Katherina Harsch: New Work ist ein Konzept, das Arbeit neu definiert und den Menschen in den Mittelpunkt stellt. Es zeigt sich im strukturellen Wandel der Arbeitswelt, weg von traditionellen Hierarchien, starren Strukturen und vordefinierten Prozessen à la Command and Control hin zu Sinnhaftigkeit, Flexibilität und Selbstbestimmung bei der Arbeit.

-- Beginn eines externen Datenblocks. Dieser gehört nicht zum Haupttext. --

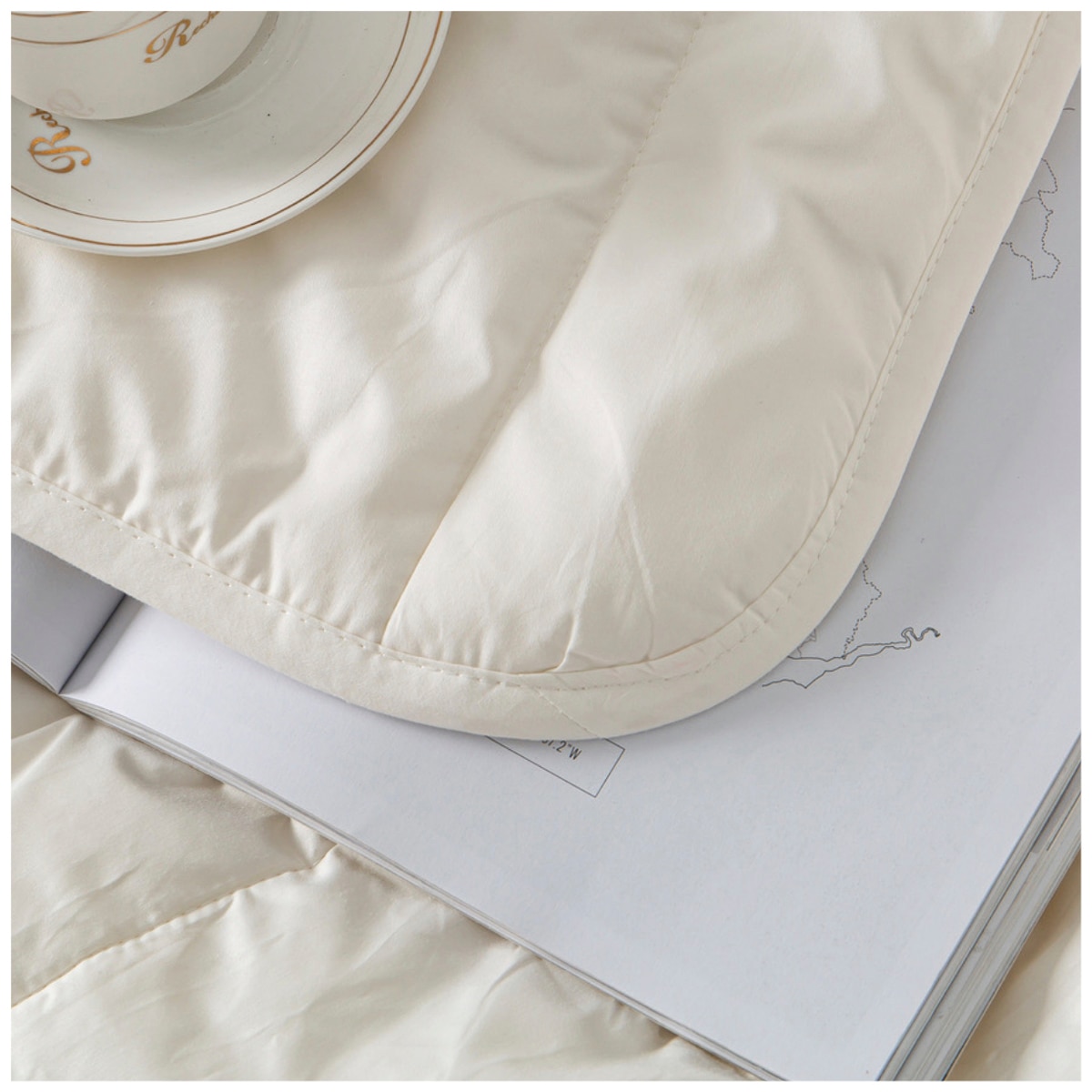 Ausgolden Baron Cotton Sateen & Pure Wool All Season Quilt King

Gerade in Zeiten des Fachkräftemangels stehen viele Unternehmen vor der Herausforderung, talentierte Mitarbeitende zu finden und zu binden. Rund 44 Prozent der Berufsgruppen leiden laut Bundeswirtschaftsministerium unter diesem Mangel, Stellen bleiben lange unbesetzt. Faktoren wie hohe Gehälter, prestigeträchtige Titel und teure Dienstwagen sind heute nicht mehr so entscheidend. Stattdessen suchen viele Menschen ein Arbeitsumfeld, in dem sie sich wohl fühlen, Wertschätzung erfahren und ihre Fähigkeiten weiterentwickeln können. Arbeit soll Sinn stiften.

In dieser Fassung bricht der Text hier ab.